Cuatro de cada diez montañeros fallece al bajar del Annapurna. En su necrología lleva ya 70 montañeros que se han dejado en ella la vida desde que se hizo cumbre por primera vez.

Seguramente mi paisano mallorquín, cuando ascendió en la confianza de su cordada al Annapurna, atraído por ese imán del montañismo en que se ha convertido el Himalaya, le pareció la más hermosa de las ideas. Como a otros tantos, demasiados diría yo, que se han dejado la vida en ese lugar de la Tierra que está tan cerca del cielo. Y a todos les sedujo ese horizonte único que sin visión por una tormenta de nieve no tiene más distancia que la pura y absoluta cercanía de estar solo con uno mismo en esa inmensidad del horizonte interior de cada cual.

El Annapurna es un lugar donde el cielo y la tierra a hurtadillas, clandestinos, se dan la mano para ver juntos la inmensa obra de Dios.

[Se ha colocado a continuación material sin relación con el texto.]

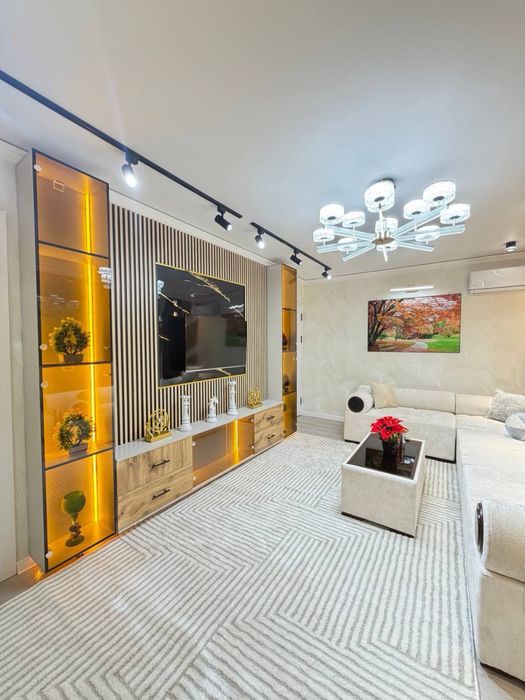 Продается квартира трех аомнатная Мукими Новза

Tolo Calafat ha dejado en almoneda su vida en la montaña, que era su vida. Habrá a quienes les parezca un disparate y ahora mismo les digo que no lo es en absoluto. Recuerdo que hace un par de años atrás me manqué un brazo porque las lajas que sujetaban mi cuerpo en aquel cantil rocoso, decidieron venirse para abajo; quizá para quitarse el ocupa que sin permiso y tumbado panza abajo, fotografiaba las cebas de unos pollos de halcón peregrino. Recuerdo que era feliz al contemplar en un paisaje tan natural cómo las jóvenes rapaces desplumaban un zurito. Entonces me pareció una idea magnífica, un privilegio que sólo debía a mi mismo. Tan sólo después, cuando me di cuenta de dónde estaba y cómo estaba, tan perjudicado que a poco más podría haberme quedado como si me hubieran dado el cloroformo eterno, entonces, sólo entonces tuve conciencia de lo caro que puede resultar ir en busca de una belleza que parece haber sido creada sólo para aquellos que a las dificultades les ponen entusiasmo y las recubren de ilusiones. O quizá sólo para aquellos que saben que algunas cosas son precisamente únicas y hermosas por lo difícil que resulta alcanzarlas.

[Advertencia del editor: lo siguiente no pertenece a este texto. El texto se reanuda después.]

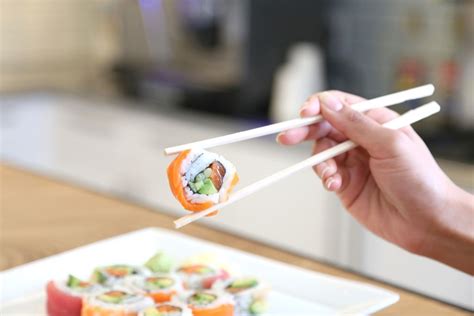 How To Use And Eat With Chopsticks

Déjenme extrapolar sólo lo justo para decir que se ahoga más gente en un vaso de vino que en toda esa agua que tiene el mar y esa sí es una forma estúpida de perder la vida.

Hay quien le gusta montar a caballo. Algunos se caen y se matan o lo que puede aún ser peor, se quedan en lo mínimo de si mismos, postrados para siempre porque la médula tiene esas quiebras y es así de exigente. O aquellos otros que se van un día, en mala hora, a pescar obladas, y el mar, en esa leva incesante de servidores para Neptuno, se los lleva a sus dominios; o aquellos otros que les da por viajar, cansados de que les cuenten como es el mundo y deciden verlo por si mismo, hasta que en esas quiebras de esta vida puñetera que a veces nos zarandea, se cae el avión, se hunde el barco o el autobús se desbarranca. Al fin y al cabo, el montañero mallorquín estaba también haciendo lo que más le gustaba, por más que nos cueste aceptar que, a veces, para eso hay que pagar un peso excesivo.